▶ INPUT DATA:
* * * * * * *

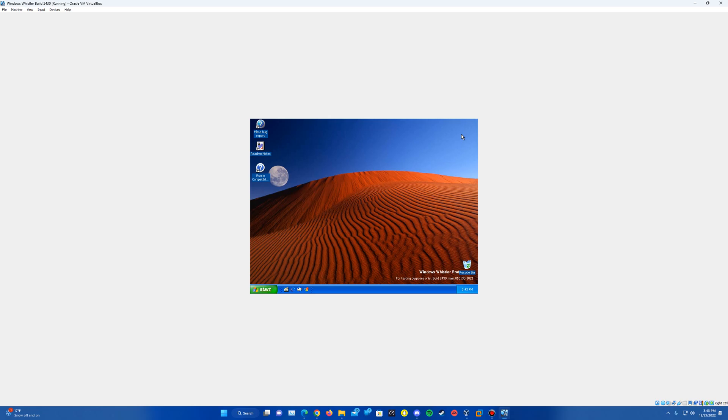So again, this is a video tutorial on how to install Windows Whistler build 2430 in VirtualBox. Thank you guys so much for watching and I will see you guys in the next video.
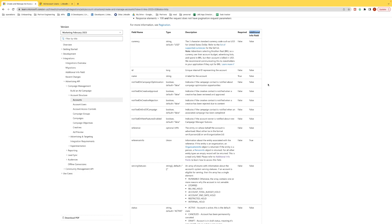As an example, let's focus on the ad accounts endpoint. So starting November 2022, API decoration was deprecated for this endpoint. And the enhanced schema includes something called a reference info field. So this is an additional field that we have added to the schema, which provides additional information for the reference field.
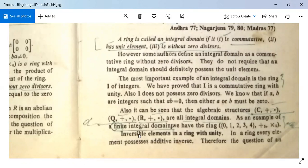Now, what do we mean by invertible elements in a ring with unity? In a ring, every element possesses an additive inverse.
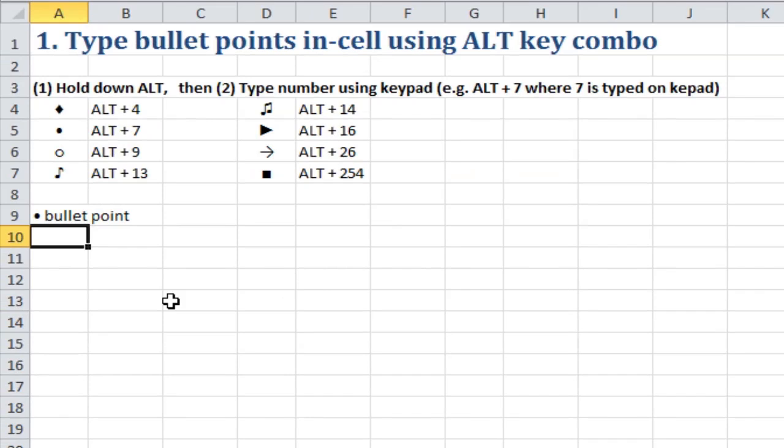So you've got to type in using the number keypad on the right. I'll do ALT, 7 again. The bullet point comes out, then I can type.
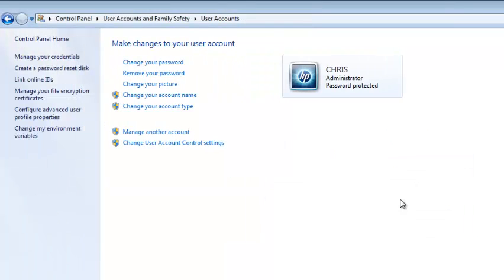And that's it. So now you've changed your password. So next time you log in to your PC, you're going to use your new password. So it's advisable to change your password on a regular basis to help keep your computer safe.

* * * * * * *

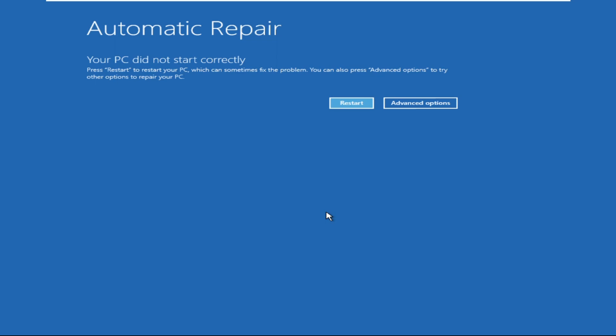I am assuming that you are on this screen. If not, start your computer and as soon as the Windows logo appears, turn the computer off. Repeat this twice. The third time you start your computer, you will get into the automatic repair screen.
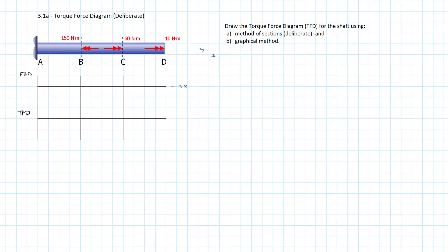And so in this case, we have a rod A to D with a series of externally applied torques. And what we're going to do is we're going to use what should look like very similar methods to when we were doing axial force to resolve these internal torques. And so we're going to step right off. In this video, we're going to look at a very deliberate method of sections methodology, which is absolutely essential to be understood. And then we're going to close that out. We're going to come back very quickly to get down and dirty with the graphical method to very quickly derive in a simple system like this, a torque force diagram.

* * * * * * *

Return exactly the stretch above whose first line contains "So you've got" and whose last line contains "And that's it.", and nothing outside it. The pictures should not appear.

▶ RESULT OF THIS EXERCISE:
So you've got to type in using the number keypad on the right. I'll do ALT, 7 again. The bullet point comes out, then I can type.
And that's it. So now you've changed your password. So next time you log in to your PC, you're going to use your new password. So it's advisable to change your password on a regular basis to help keep your computer safe.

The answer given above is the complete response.